I put on a smile and tried to celebrate my small win: my muscle-ups had felt the same as they did in training. I had played smart and stuck with my game plan. In a way this was a “rope-climb workout.” And while I had broken up my muscle-ups a little more than I would have liked, I had maximized my potential for that event.
Holding back had been the right thing to do. But I could have passed Kristin Holte in the final round if I had tried to hang on for a bigger set of muscle-ups. I stayed conservative and played it safe. The strategy made me uncomfortable. I felt like my 2013 self: playing it safe and simply trying to survive. This feeling was the only thing that disappointed me.
In Carson, I would have expected superhuman magic to wash over me, bestowing the power of endless muscle-ups. But I didn’t feel any magic at all. It felt like business as usual. Among the Fittest on Earth, the finish was okay. But I didn’t want it to be okay. I wanted to be me. I wanted to shine.
Friday
I woke up to another gloomy Midwestern day. It was not raining, but there was evidence of a big storm from the night before. It was wet outside and way colder than it had been on Thursday.
The first challenge we faced was the sprint obstacle course. When he announced it, Dave Castro had referenced the obstacle course at Camp Pendleton from my rookie years. My placement had been underwhelming, but I remembered it fondly as a cool event.
At the beginning of the week, my expectations for the Sprint O-Course were low. Upon arriving in Madison, I had driven with Ben, Mat, and Cole to a nearby town where they had an obstacle course to practice. I was proficient, but they were so fast.
One of the dangers of training with extremely fit athletes is that it can skew your barometer for what’s normal. As a result, I don’t think I’m athletic. Cole and Mat are to blame.
When I met Fraser for the first time in 2014, I didn’t know who he was. He was a pretty good athlete, but nothing to write home about. We were training at a gym in Boston and the conversation somehow turned to backflips.
“Meh, I think I could probably do one,” he said casually.
As a former gymnast I challenged him to put his money where his mouth was. He did a backflip on demand, with no experience to draw from. I was amazed. Later, back at CFNE, he figured out a roundoff back handspring backflip with a twist by watching a YouTube video. He had never done gymnastics. He just has a freakish sense of body awareness baked into his brain.
Cole is similar. If a challenge has obstacles like hurdles or jumping, he picks it up in seconds and makes it look so good. He is the most athletic human I’ve ever met. Both of them figure out odd objects in a heartbeat and do them so gracefully you would think they had learned the skills as babies. And then there’s me. It takes me so much longer to figure out new challenges, which makes me crazy. Around these two, I feel like the least coordinated person to walk the Earth.
Our field trip to the obstacle course was basically an opportunity for them to laugh at me and tease me about not being athletic. They give me a hard time but it’s all out of love. The benefit of chasing these two in training, especially with events like an obstacle course, is that I exceed my own expectations in competition. I’m far more athletic going head to head with the fittest women on Earth than when I line up against Cole and Mat.
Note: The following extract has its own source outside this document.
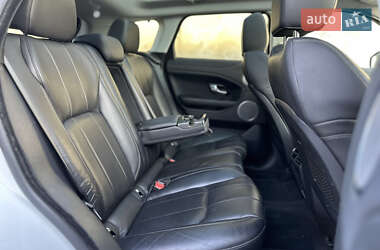 Внедорожник / Кроссовер Land Rover Range Rover Evoque 2018 в 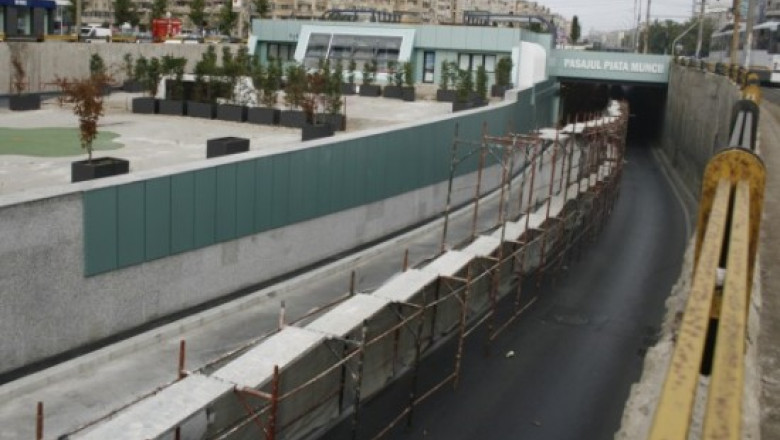 Restrictii de circulatie in Bucuresti, pana luni Imagine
The obstacle course had nine obstacles, with the most technical of them showing up at the very start. On Tuesday, Dave had given us the opportunity to practice the course. At the time, it was sunny and hot. But now the adversity I had been craving had arrived in the form of rain, wind, and cold. The remnants of the previous night’s rainstorm had left the obstacles wet and slippery. It was 55 degrees Fahrenheit, but I felt like I had icicles on my nose. When we were sent to the field, we were only allowed to wear our uniforms—no warm-up clothes. Even the spectators were sparse and those who did make it were huddling under plastic ponchos. Many were bundled up like they were going snow skiing. My dad was the only one from my team who was willing to brave the elements to watch me compete.
I was fearless in my qualifying rounds. In the quarterfinals, the top two athletes from each heat automatically advanced. The athletes with the next four fastest times also moved on. I didn’t make any mistakes on my first run. I accelerated over the back side of the course and edged out Emily Abbott on the last obstacle: the caving ladder.
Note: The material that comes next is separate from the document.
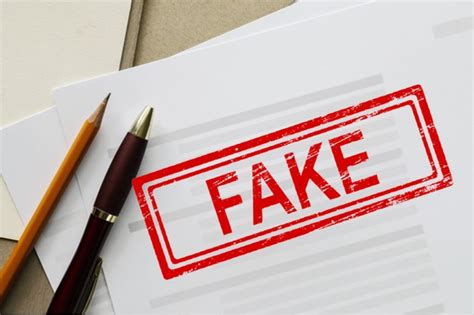 What Is A False Instrument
In the semifinal round, only the heat winner would advance automatically. One non-winning wild card would also advance. So if you didn’t win your heat, you had to stand by nervously, hoping your time was good enough to advance you into the final. I passed the first two obstacles without any drama, but a near slip on the balance beam made my heart jump out of my chest. I recovered and used the adrenaline to push harder. For the second time I arrived at the caving ladder second. The bottom swings freely and the ladder rungs are at awkward intervals. I fought the temptation to go faster and instead made focused, intentional steps that put me in the lead. My whole body was tingling standing on top of the platform. This win meant I advanced to the final with the top women.
I went straight to Ben, ecstatic, and said, “Ben, I am athletic!”
I had an automatic entry into the final, but the wild card athlete needed to be confirmed. After the last semifinal heat, we waited in the cold and the wind and tried our best to stay warm. I made my first mistake in the final on the monkey bars. I couldn’t recover. Still, I was thrilled to feel like I had gotten a drop of my swagger back.
* * *
The next event was a 1-rep-max snatch. The snatch is my absolute favorite lift to perform in competition and I was riding the momentum of my finish on the O-Course. The feeling of taking a chance and diving under a heavy barbell is thrilling. The snatch is technical. That evens the playing field for me against women who can beat me in tests of brute strength. I also perform this movement better in competition. All my personal bests had come in front of a crowd.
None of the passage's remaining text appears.